Copy word for word the lines in the records below, starting at the line with "Rotating brush on" and ending at the line with "Femme debout pieds". Skip the pictures.

- Task inputs
+++

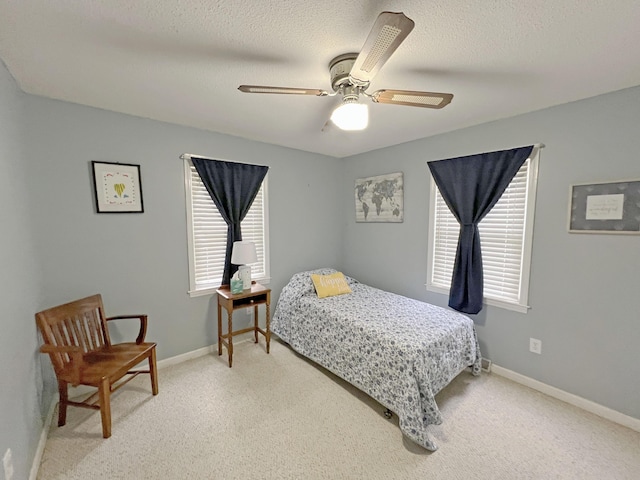 bedroom with baseboards, a textured ceiling, multiple windows, and ceiling fan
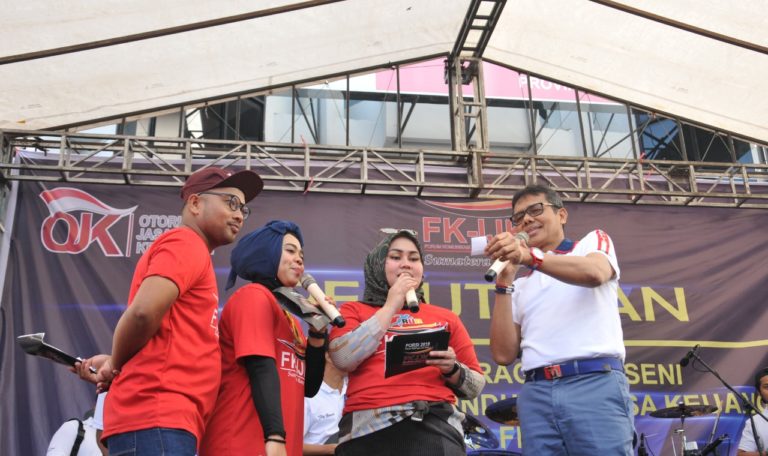 HUT OJK ke 8, IP Band Hibur Masyarakat Kota Padang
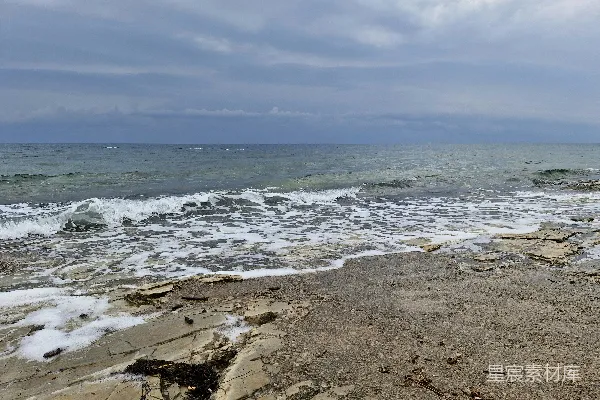 高清摄影 一片岩石嶙峋的海滩，海浪拍打着岸边。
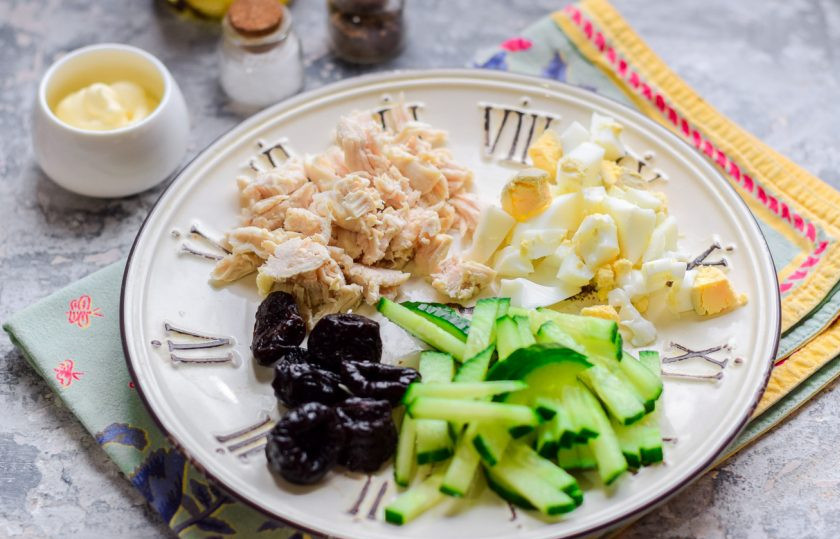 1. Этап. Салат Дамский каприз с курицей и черносливом: Филе курицы отварите заранее, после разберите на волокна. Куриное яйцо отварите в течение 10 минут, почистите от скорлупы, нарежьте небольшими кусочками. Огурец сполосните, нарежьте полосками. Также нарежьте чернослив.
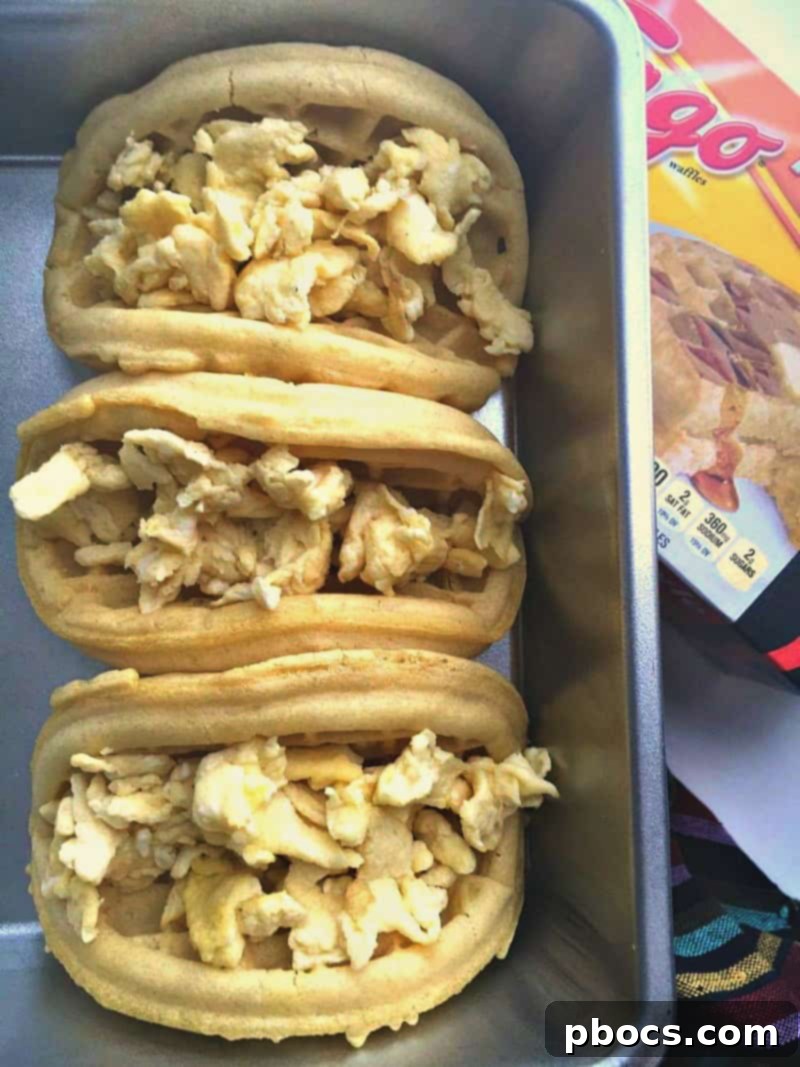 Filling Eggo Waffles with scrambled eggs to create breakfast tacos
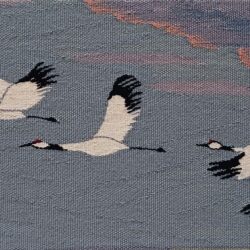 Trois grues du Japon  sur un ciel bleu 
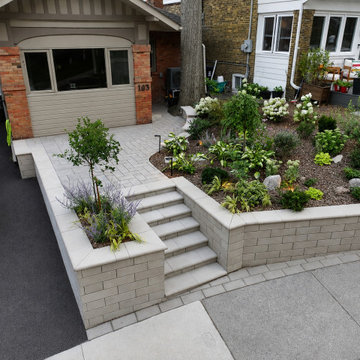 Front Entrance Transformation with Retaining Walls & Lighting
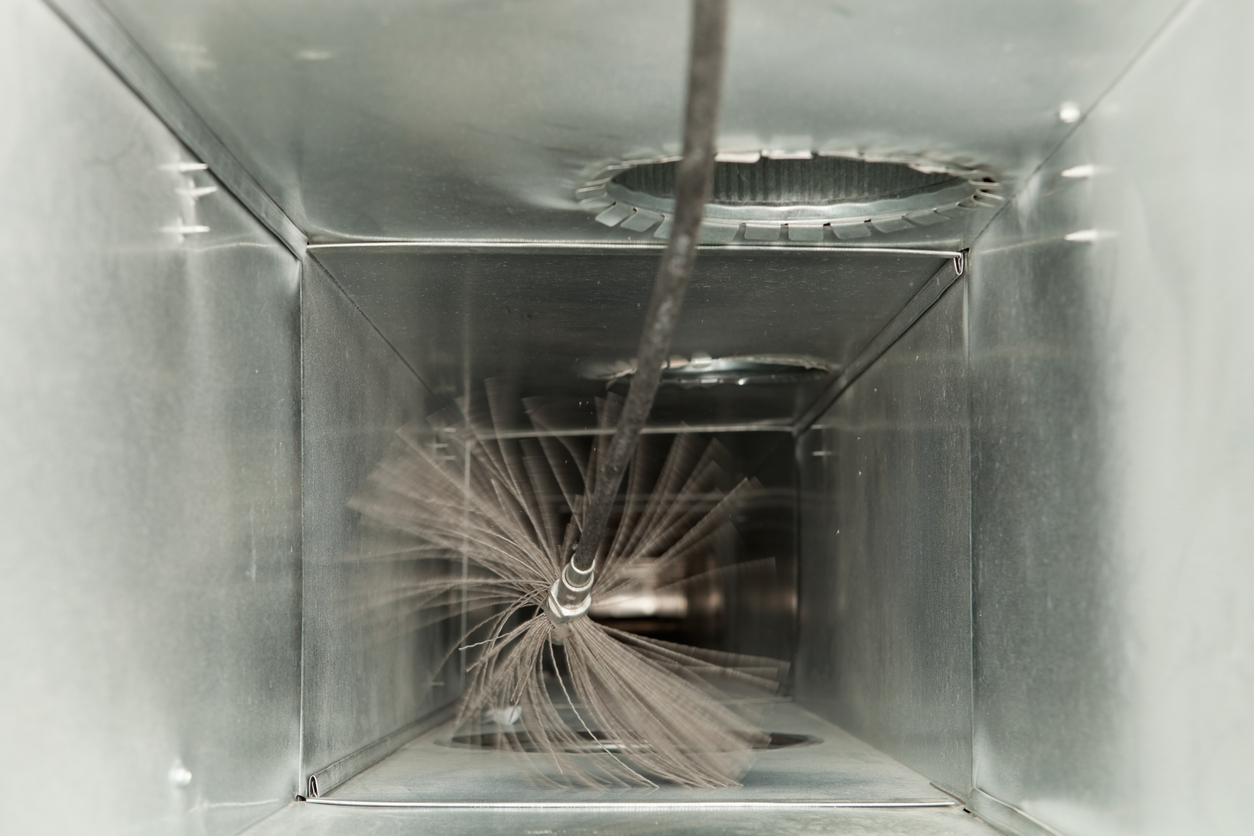 Rotating brush on rod cleaning the inside of a rectangular metal HVAC duct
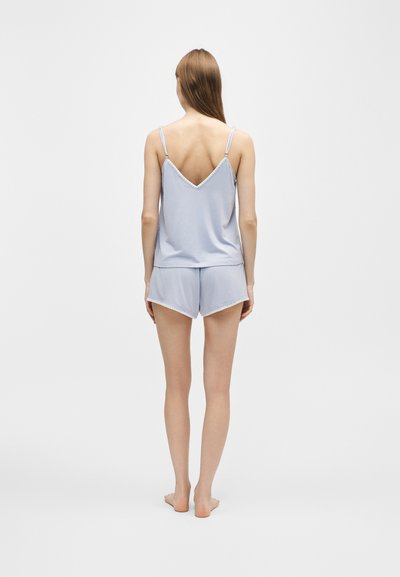 Femme debout pieds nus de dos, portant un ensemble pyjama débardeur et short bleu clair avec fines bretelles et bordure en dentelle.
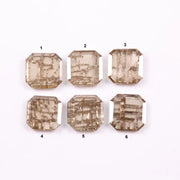 Six emerald cut lab grown diamonds with soft champagne color and visible internal growth pattern inclusions, arranged in two rows and numbered 1 through 6 on a white background.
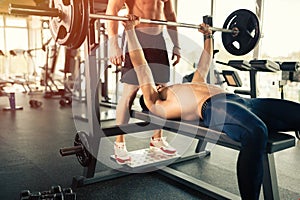 Bench pressing in a gym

+++

- Output below
 Rotating brush on rod cleaning the inside of a rectangular metal HVAC duct
 Femme debout pieds nus de dos, portant un ensemble pyjama débardeur et short bleu clair avec fines bretelles et bordure en dentelle.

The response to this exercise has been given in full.